DATASET EXCERPT -
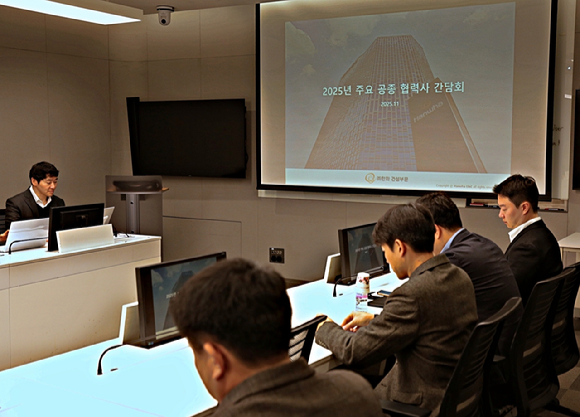 박상효 한화 건설부문 외주상생혁신팀 과장이 공종별 협력사 간담회를 진행하고 있다. [사진=한화 건설부문]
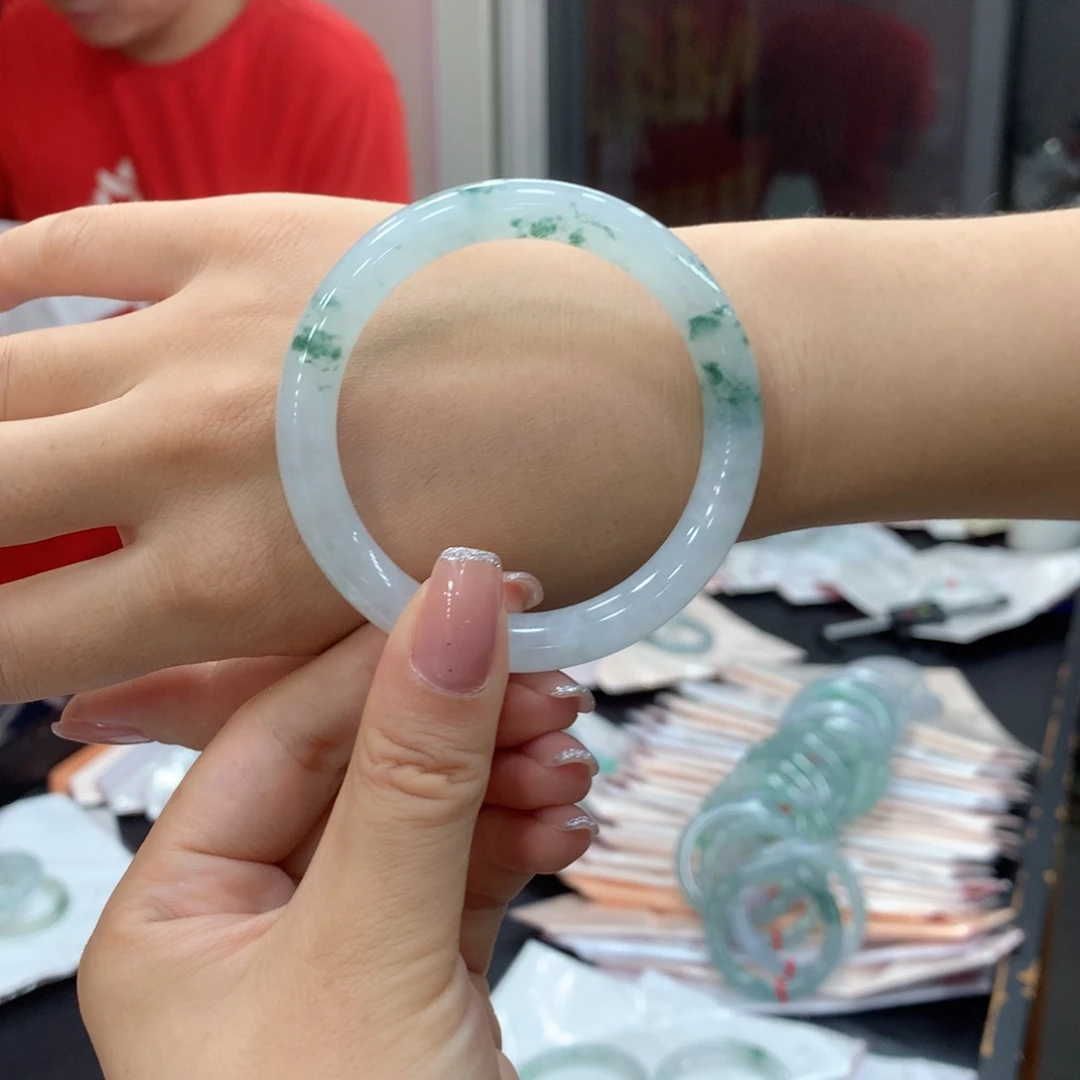 翡翠手镯未镶嵌?*兒买断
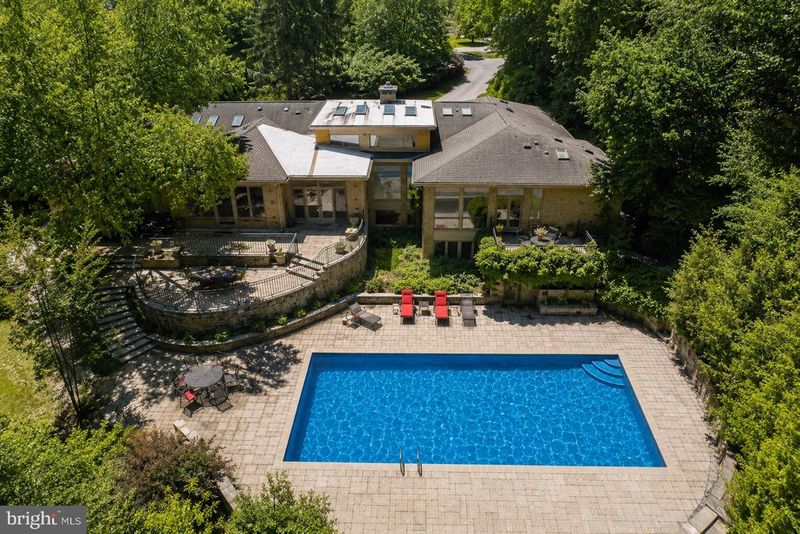 10801 Balantre Ln, Potomac, MD 20854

EXERCISE BRIEF -
Transcribe the listing exactly, skipping pictures.

ANSWER FOR THIS EXERCISE -
 박상효 한화 건설부문 외주상생혁신팀 과장이 공종별 협력사 간담회를 진행하고 있다. [사진=한화 건설부문]
 翡翠手镯未镶嵌?*兒买断
 10801 Balantre Ln, Potomac, MD 20854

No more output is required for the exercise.